O pequeno Kane veio de família pobre, mas ainda criança, após os
pais receberem uma mina de ouro, supostamente sem valor, como pagamento, passou
a ser criado por um banqueiro multimilionário. Na juventude, herdou um grande
patrimônio em ações, imóveis e outros bens. Entre estes bens estava um pequeno
e falido jornal, The Inquirer, que serviu como meio de manipulação para o
idealista Kane. Depois de uma reformulação completa o jornal se torna
influente, principalmente pelo sensacionalismo, dado às notícias. Com isso,
Charles torna-se conhecido no país inteiro e passa a gozar de grande reputação,
sobretudo entre a população pobre. Kane tenta entrar na política,
candidatando-se ao Governo do Estado de Nova York de forma independente; só não
vence por conta da descoberta de um escândalo amoroso, o “caso” de Kane com a
cantora Susan Alexander, que mais tarde se tornaria sua segunda esposa – a primeira
havia sido a sobrinha do presidente dos EUA, Emily Norton.
Com o passar dos anos, o magnata vai se tornando uma pessoa cada
vez mais rude, hostil e solitária. Vivendo em um palácio tão suntuoso quanto
frio, com dezenas de esculturas e quadros caríssimos, Kane definha ao lado de
sua mulher, Susan, que, cansada do marasmo do lugar e da frieza do marido,
resolve abandoná-lo, o que foi o golpe de misericórdia para um homem cercado de
pessoas, mas, na verdade, abandonado por todos.

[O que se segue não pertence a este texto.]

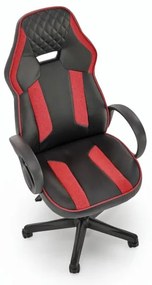 SENTI piros irodaszék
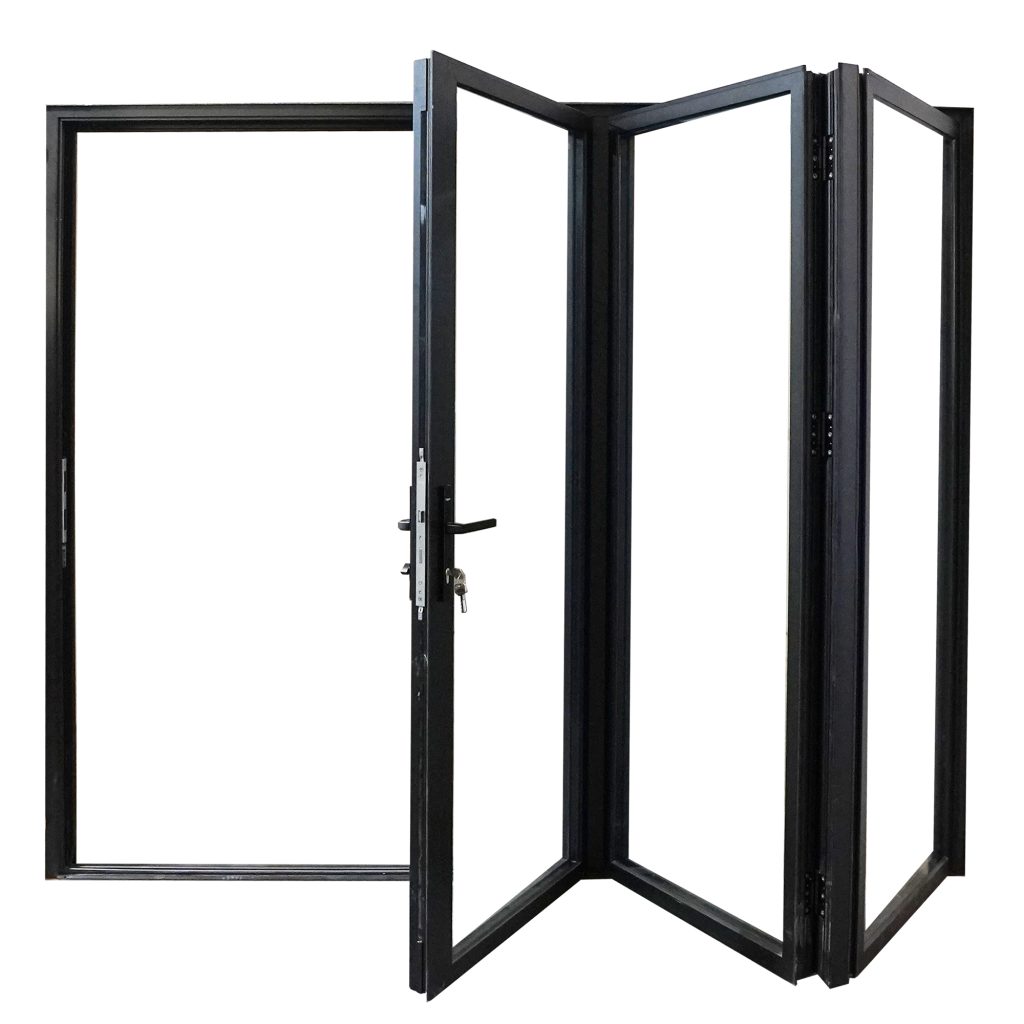 Teza 85 Series - Bifold Door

O que afinal vale a vida de um homem?
Kane tinha tudo que um homem pudesse querer: dinheiro, poder,
mulheres, diversão. Nada disso, porém, parecia preencher o vazio que Charles
sentia. Ele sempre queria mais, afetava a todos que o cercavam com a sua
ganância. Por isso, a imagem da cidade no final do filme é tão significativa,
uma vez que ela nos mostra o mundo de Kane, o grande orgulho do magnata, a
cidade dentro do palácio Xanadu, sendo estraçalhada e queimada após a morte do
fundador. Uma cidade sem significados para qualquer um, mas que representava a
existência de um homem. De um homem vazio e solitário, que precisou da sua
própria cidade, do seu forte, para sentir-se seguro. Essa imagem traduz o drama
de Kane de um modo tão forte que o espectador se revolta e se emociona com o
protagonista. Com o pequeno Charles, com o grande Kane.